DIRECTIONS FOR THIS TASK. Write the data out again exactly, dropping any images it holds.

STORED DATA.

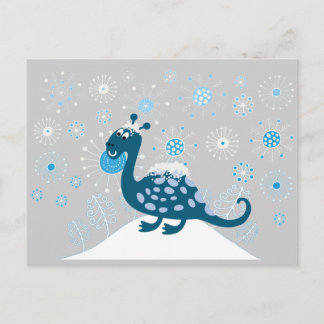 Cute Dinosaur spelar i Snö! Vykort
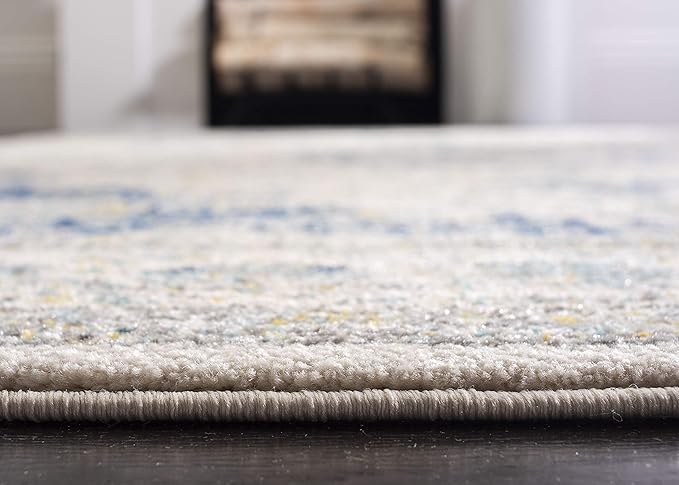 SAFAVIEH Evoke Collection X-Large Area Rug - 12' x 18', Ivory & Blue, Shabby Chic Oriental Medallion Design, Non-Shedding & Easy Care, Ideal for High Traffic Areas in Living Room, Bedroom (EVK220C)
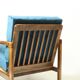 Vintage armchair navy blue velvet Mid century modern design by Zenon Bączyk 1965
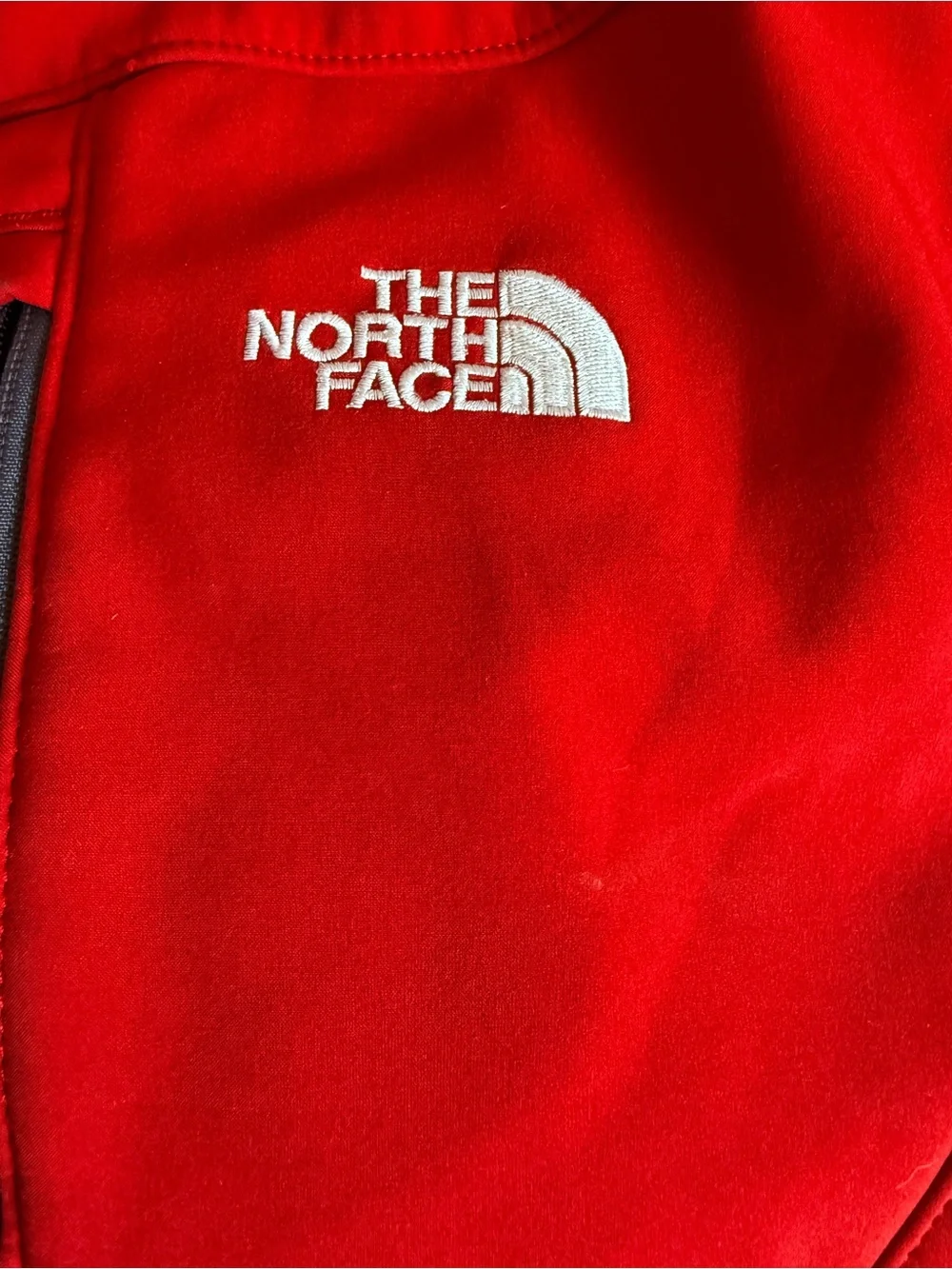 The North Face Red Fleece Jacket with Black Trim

ANSWER BELOW.
 Cute Dinosaur spelar i Snö! Vykort
 SAFAVIEH Evoke Collection X-Large Area Rug - 12' x 18', Ivory & Blue, Shabby Chic Oriental Medallion Design, Non-Shedding & Easy Care, Ideal for High Traffic Areas in Living Room, Bedroom (EVK220C)
 Vintage armchair navy blue velvet Mid century modern design by Zenon Bączyk 1965
 The North Face Red Fleece Jacket with Black Trim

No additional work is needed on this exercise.